Does anyone else do this? Li-ions in 2s2p in the standard battery caddy? I'm assuming most people just go for one of mdocod or fivemega's 17670 or 18650 holders...

Cheers,
Alex


----------



## angelofwar (Jun 2, 2011)

I did it asheep, using 2 primaries and a dummy to run the N1 bulb in there, and leaving the other battery slots empty, so you probably read my post from back in the day. All you have to do is mark the three ports on bottom and top (A, B, C for the bottom, and same for the top, etc.), and then check them using the "ohms" setting with multimeter, and then drawing a "map" to show which two bottom slots are connected to which top slot, and vice versa. If you label the slots, it's pretty easy. Hope this explanation helps a little more. So, yeah, you should be able to run a Lumens Factory RC compatible 3-cell bulb doing this, getting a little more lumens than a regular MN15. Or using two RCR's and a spacer, or three RCR's and a KX9T for more guilt free lumens, since the KX9T can run on 12-Volts (but only with a regular twisty, since the M3T two-stage can only handle 9-Volts. The M6 twisty should be able to handle 12 volts, being a "dumb" tail-cap.

Just a few ideas...


----------



## Echo63 (Jun 2, 2011)

ASheep said:


> Echo63, that is one sweet pile of Surefires you have there!!! Good to hear of more people getting in on the M6 love!
> 
> I just received my first M6 today! Cheers to benm11 for that!
> 
> ...


 
Alex, that isn't all of them, that's just a few of the Incans, although the only one I have payed full Aussie retail for was the 6P (my first surefire, and gateway drug into the world of Lumens, CPF and an empty wallet)
One day I will have to dig up all of my sure fires, and grab a family pic.

When I got my M6 it didn't come with a battery carrier, just the body, tail cap, lanyard ring, and a turbo head (which was for sale separately from the same seller).
I had an IMR M-3T sitting around so I looked around for the battery carrier that would suit it.
I now have 4 lights, 4 body options, and 4 head options all running 2x lion rechargeables in an M head- I do intend getting a Phdm6 pack eventually too.
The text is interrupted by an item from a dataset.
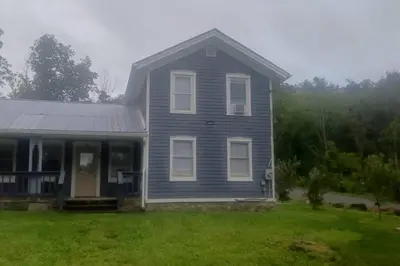 a blue house with a porch and a grass yard at Old farmhouse with Hot tub in the Finger Lakes in Horseheads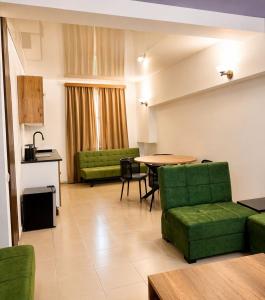 a living room with a table and green chairs at Vernisa Hotel in Tbilisi City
I haven't heard of anyone else running 2cells and a spacer in their M6, but if it working for you, I can't see any problems with it.
Congrats for finding a simple rechargeable solution for your M6, even if it is a stopgap measure till your new bulb and batteries arrive


----------



## kelmo (Jun 2, 2011)

I got one scheduled to be delivered tomorrow. Its an old school Magnum light. I currently have a "sea cucumber." It's a M6 body with an M3 head running a MN10 LA. Good for 2+ hours of sag free incan light. JS estimated a runtime on this setup of about 2.5 hours. The MN10 is just a sawed off MN15. I gave my other M6 away as a house warming gift. My buddy was always coveting that light. I was left with 3 MN20 LAs and 2 MN21 LAs and no host. I jumped on a smoking deal on the Marketplace. Of course I also placed an order for 2 boxes of SF batteries that will be delivered tomorrow as well. I'll be ready for camping if it every stops snowing in the Sierras...


----------



## oldways (Jun 2, 2011)

Kelmo the purple base mn20 coming with your M6 were known to explode in the head. I would keep it as a collector item and not run it.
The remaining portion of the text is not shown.